Madame Bovary - Cap. 34: XI Pág. 379 / 382

Charles consentiu. Mas, no momento da despedida, faltou-lhe toda a coragem. Deu-se então a rotura completa e definitiva.

À medida que ia perdendo as suas afeições, mais estreitamente se apegava ao amor da filha. Ela causava-lhe entretanto preocupações, porque tossia algumas vezes e tinha rosetas muito vivas nas faces.

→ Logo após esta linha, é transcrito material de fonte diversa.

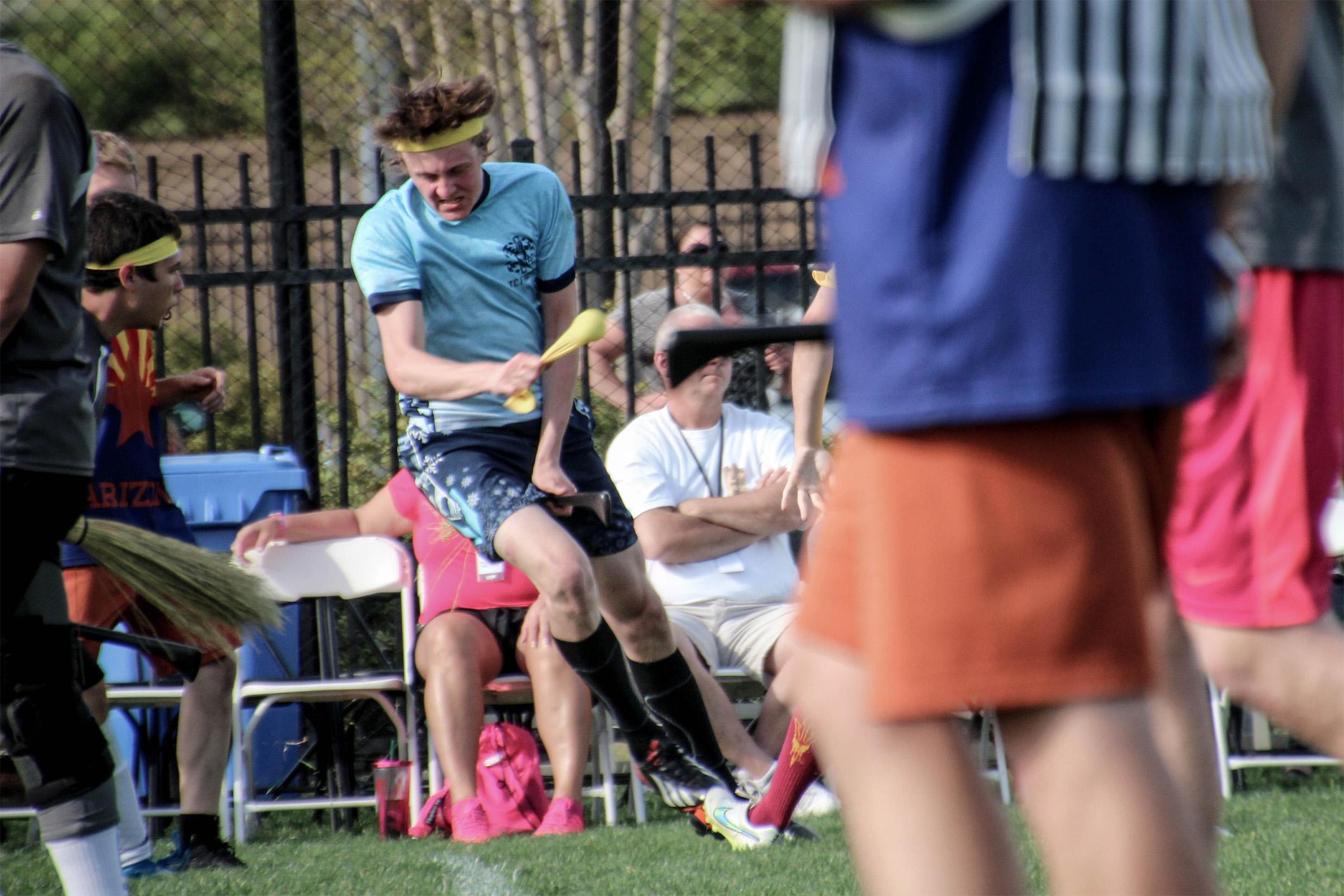 A seeker pulls a yellow sock with a tennis ball inside to capture the “snitch” and give his quidditch team a victory.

Defronte dele ostentava-se, florescente e hilariante, a família do farmacêutico, que tudo na vida contribuía para satisfazer. Napoléon ajudava-o no laboratório, Athalie bordava-lhe um boné, Irmã recortava rodelas de papel para cobrir as compotas e Franklin recitava, de um fôlego só, a tábua de Pitágoras. Homais era o mais feliz dos pais, o mais afortunado dos homens.

Engano! Andava minado por uma ambição surda: queria ter uma condecoração. Títulos não lhe faltavam:

1.° Ter-se evidenciado, por ocasião da cólera, por uma dedicação sem limites; 2.° Ter publicado, e a expensas próprias, diferentes obras de utilidade pública, tais como... (E recordava a sua memória intitulada: Da Sidra, do Seu Fabrico e dos Seus Efeitos; além disso as observações sobre o pulgão lanígero, enviadas à Academia; o seu volume de estatística, e até a sua tese de Farmácia); sem contar que era membro de várias sociedades científicas (era-o apenas de uma).

- Finalmente - exclamava ele, fazendo uma pirueta -, quanto mais não fosse, por me ter evidenciado nos incêndios!

Então Homais começou a inclinar-se para o poder. Prestou secretamente ao prefeito grandes serviços durante as eleições. Vendeu-se por fim, deixou-se corromper. Chegou a dirigir ao soberano uma petição em que lhe suplicava que lhe fizesse justiça; chamava-lhe nosso bom rei e comparava-o a Henrique IV.

E todas as manhãs o boticário se lançava sobre o jornal para nele descobrir a sua nomeação; e ela não vinha.